Moltiplicatore fiscale durante la crisi pandemica, i primi dati USA

In macroeconomia si utilizza spesso il concetto di moltiplicatore fiscale per studiare gli effetti di un aumento della spesa pubblica sul reddito nazionale (stipendi, profitti, rendite, imposte). La regola del moltiplicatore ci dice che un incremento di una unità della spesa pubblica si trasforma in un incremento superiore all’unità del reddito nazionale.

La condizione perchè ciò accada è che la domanda di moneta non sia insensibile, in altre parole questo significa che l’aumento della moneta disponibile si trasforma, almeno in parte, in consumo o investimento. Detta in altra maniera l’efficacia del moltiplicatore fiscale è strettamente legata alla propensione al consumo (ed all’investimento).

Quell’unità in più di spesa pubblica, utilizzata da famiglie ed imprese per consumare e investire di più, aumenta il reddito nazionale che a sua volta aumenta i consumi che a loro volta incrementano il reddito nazionale. In un circolo virtuoso, l’aumento finale del reddito nazionale risulta superiore all’unità di spesa pubblica iniettata nel sistema. Addirittura l’incremento delle imposte, effetto dell’aumento di stipendi e profitti, porta sotto l’unità l’incremento di spesa netta iniziale.

Nel corso degli anni si è discusso molto sulla qualità dell’incremento di reddito nazionale innescato dal moltiplicatore fiscale. Una corrente di pensiero ritiene che, semplificando, per far funzionare il meccanismo del moltiplicatore occorre agire sulla capacità produttiva del sistema economico e non sul consumo fine a se stesso. Solo aumentando la produttività si può ottenere un incremento del reddito nel medio periodo e per certi aspetti di carattere strutturale.

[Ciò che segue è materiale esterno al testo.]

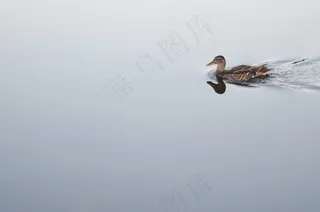 鸭，动物，鸟，自然，野生动物，野生，鹅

Gli ultimi due anni sono stati segnati da un robusto aumento della spesa pubblica, interventi resi necessari dalla comparsa della pandemia con le sue conseguenze rapidissime e pesanti sull’economia. E’ quindi lecito domandarsi se questa enorme massa di spesa pubblica abbia o no innescato un effetto moltiplicatore.

Alan Auerbach, Yuriy Gorodnichenko, Peter B. McCrory e Daniel Murphy hanno recentemente pubblicato un discussion paper sull’argomento e questo lavoro è di fatto il primo in grado di darci qualche numero.

Studiando l’andamento di alcuni indicatori rapidi dell’attività economica statunitense nel corso dei mesi più duri della pandemia, Auerbach ed i suoi colleghi hanno notato un effetto positivo sull’occupazione negli stati con minori restrizioni alla mobilità delle persone. Tradotto in numeri, nella primavera del 2020, 4 mila dollari di spesa pubblica aggiuntiva si sono trasformati in un nuovo posto di lavoro. Scarsi, invece, gli effetti sui consumi, con i lockdown a generare un’insensibilità della domanda di moneta che si è trasformata in un aumento – record – dei risparmi privati.

Secondo la tesi di Auerbach e colleghi, la propensione al consumo, bassa nei mesi di lockdown, è successivamente e rapidamente aumentata, contribuendo al rialzo dei prezzi al consumo che è diventato il principale cruccio delle banche centrali. Un effetto collaterale in larga parte dovuto al fatto che l’aumento di spesa pubblica si è trasformato soprattutto in eccesso di risparmi privati.

Tirando le somme il moltiplicatore fiscale che ben si era comportato nella crisi del 2008, sostenendo occupazione e redditi, sembra aver avuto effetti contraddittori nel corso della crisi pandemica. Questo è senza dubbio dovuto alla differente natura delle due crisi, ma è anche la riprova che un utilizzo generalizzato della spesa pubblica può portare più problemi che benefici al sistema economico. La spesa pubblica non dovrebbe, salvo situazioni di necessità, aumentare direttamente i consumi, ma liberare le energie produttive di un paese. Le uniche in grado di far aumentare il reddito nazionale in maniera strutturale.